I spoke to a couple of people about it, and got a great recommendation for a "support group" of sorts. Not like AA or anything--basically, it's a group of people who meet twice a week to discuss issues and get things off of our chests. You pair off and spend some time talking about things in the last few days that have upset you; it gives you the chance to blow off some steam verbally. Everyone gets really pissed off during sessions, naturally, but you help each other work through it and basically just act as a sounding board. Vent until you can vent no more.
No one is judged for the things that make you angry; if you really can't work with someone, you switch up partners. It is a fantastic system--basically, a group of friends who don't mind your bitchin' and who you can bitch about your real friends, coworkers, etc to. It sounded like a great idea. I've noticed in the past that having someone to rant to who isn't involved in my life is pretty cathartic. It helps me deal with the day to day a bit better.
Turns out, the group I joined? Absolutely no support whatsoever. Rather than act the way they're supposed to, which is to vindicate you and allow you to vent your rage through (seemingly) righteous anger, half the people in the group seem like they're there just to pick you apart. I go to these people for help, and they tell me my problems and my issues, the sources of my anger, are insignificant and meaningless.
Half the people I've worked with up to this point have completely ignored my need--the need we all share, I might add--to get the anger out of my system. Instead, they judge me for what it is that makes me angry. I often am told I have "no right to be angry about these things" or that I'm "the one who's really at fault".

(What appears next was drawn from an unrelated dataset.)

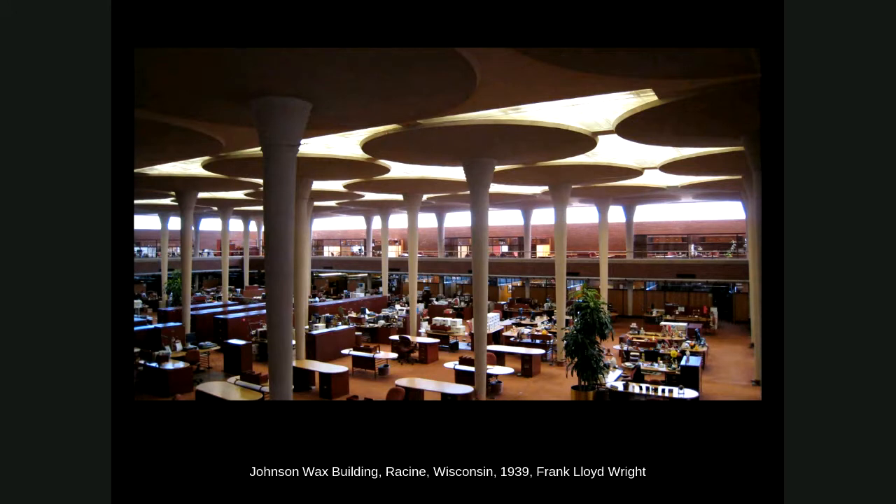It was pretty innovative, and the building code official in Racine didn't trust the design — he'd never seen anything like it, used to steel beams and plain concrete sections. So they created a full-scale mock-up of one of the columns and started piling sandbags on top. They reached the design load and the code official said he was convinced. Wright said no, keep going — and they kept adding weight until it finally failed at two or three times the required load. It was a fun little structural innovation.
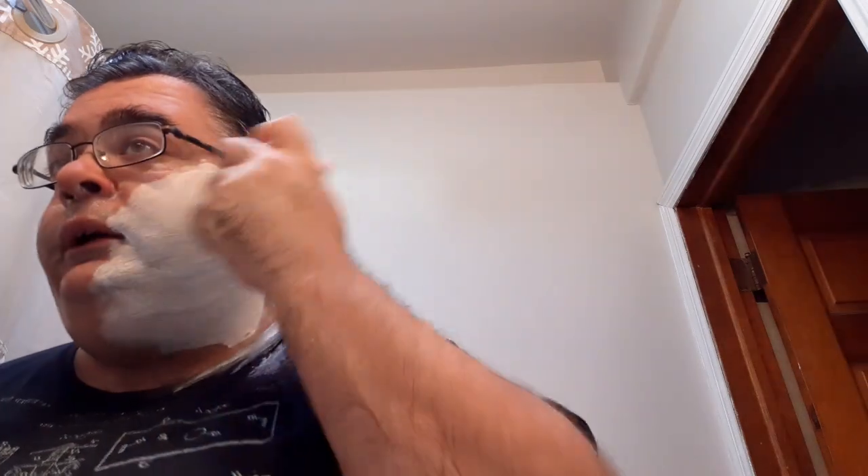I finished the second pass across the grain, and I'm going to do one more pass — the third pass will be against the grain, but very lightly, because there's hardly any stubble left right now though I can feel some. So it's a good idea to do a very light third pass against the grain. I've heard the Simpsons Chubby 3, in all its various forms, are lather hogs, and I can attest to that. I would recommend using them with a hard soap or a triple-milled soap.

I'm not the only one that this happens to, either. There are a few other people who have only been in the group a little longer than I have, and I notice them getting the same treatment from the same people during sessions. And unfortunately, we're supposed to switch up partners every meeting so that no one gets tired of hearing the same bullshit over and over again. So we always seem to end up sitting opposite someone who seems to have absolutely no idea that this is a SUPPORT group. A place to help each other out.
I haven't been back in the last couple of weeks. Honestly, at this point the idea of going to group seems to make me more angry than all the things I'm bottling up inside that group is supposed to help me with.
TL;DR: Support group is unsupportive, undermining, and counter to purpose.